北国の気候

あわただしい北海道の春

(道内と道外を比較)

 緑化を仕事にしている方、園芸家の皆さんは勿論、特に屋外での活動をしている方は短い北海道の「夏」を恨めしく思うこともしばしばでしょう。遅い春、早い冬の到来は植物にとっても大変なことだと思います。私たちからしても生長が悪いとか、花を楽しむ期間が少ないと嘆きがちですが、よいこともたくさんありますね。

 世界的にみてもこれほど四季のはっきりした地域は少ないのです。言い換えると、世界のほとんどの地域では四季のうち欠落している季間があるのです。ロシアやフィンランドでの海水浴は震えが止まらないでしょうし、ロンドンや東京で雪祭り準備委員会をつくってもさっぱり人が集まらないことでしょう。北海道では、海の家で雪像づくりの話題が出てもおかしくはありません。

 あわただしく過ぎる春は百花繚乱の季節でもあります。鳥や昆虫たちもあたふたと行き交うのでしょうか。お盆があけると残暑とは無縁の過ごしやすい秋を迎えます。そして昼夜の寒暖の差が激しい北海道では紅葉が一段と鮮やかです。冬の寒さばかり強調されますが、住めば都の代表格それは北海道ですね。

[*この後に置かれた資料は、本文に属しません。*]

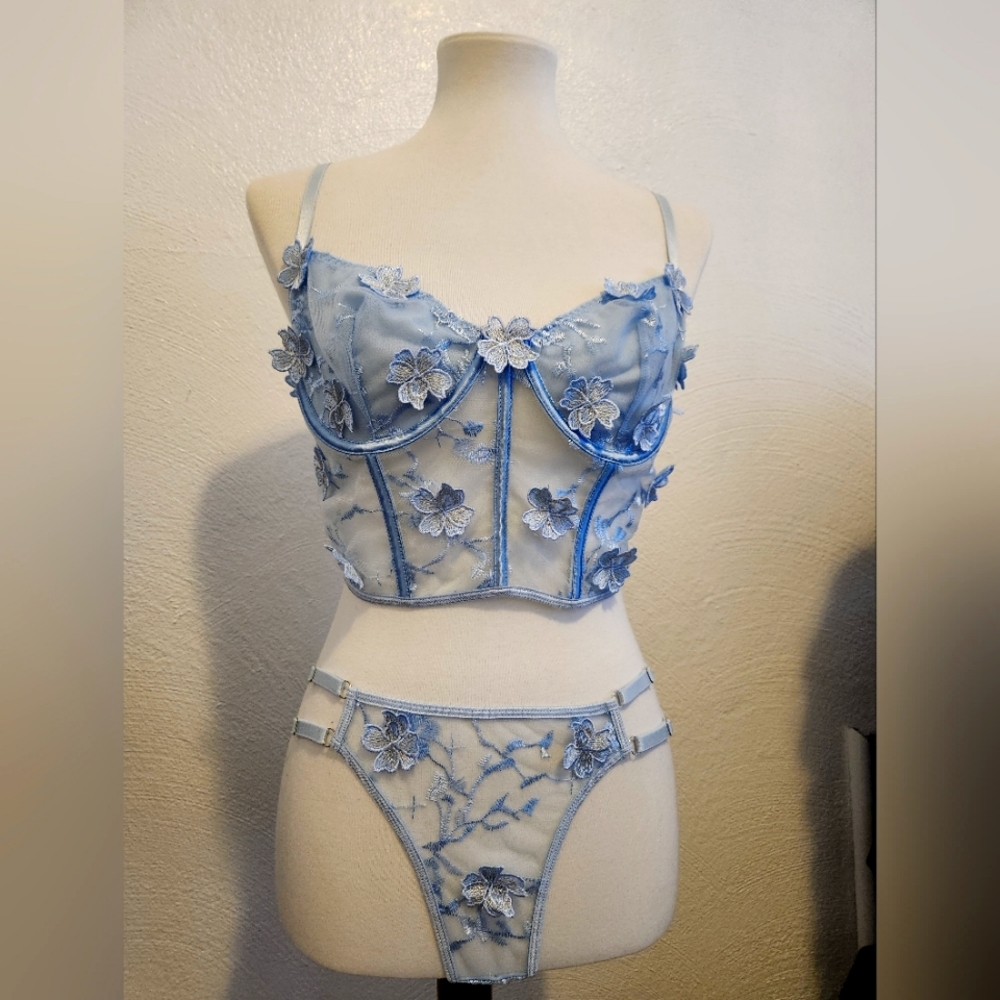 NWOT Bustier and Panties Large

 こんなエピソードがあります。本州から転勤になり、数年後再びあちらに戻っていった人の話。奥さんが血相を変えて「えっ!北海道。絶対いやよ。あなただけ行って。」結局は渋々付いてきたそうです。それから数年後。本州に戻るときも「絶対いやよ。あなただけ行って。」

開花と紅葉時期

グラフ 平年値でみる植物の開花日、昆虫の初見日の比較(気象庁による)
(ただし北海道は、セイヨウタンポポ、エゾヤマザクラ(函館以外)、ヤマモミジでの観測)

 さて上のグラフには春と秋を代表する花の開花日、紅葉した日などを都市別に表しました。確かに北に行くほどタンポポが咲き始めモミジが色づくまでの期間(グラフの青い線)が短くなっていますね。紅葉のデータがない稚内と網走を除き、各都市どのくらいの期間になるか次の表にしてみました。

植物の活動期間

 北海道では花たちが活躍する期間が半年にも満たないのに対し、暖かい宮崎では9ヶ月もあるのです。しかしちょっと待って下さい。あまり嬉しくない猛暑の夏やうっとうしい梅雨の期間を除けばその差はあまりないのかもしれません。ものは考えようですね。

 亭主思いで道産子であることを誇りにしている奥様は、転勤直前のうなだれる夫に。「いいわよ本州でも。一緒に行きます。」そして戻るときも「勿論いいわよ。一緒に行きます。」と。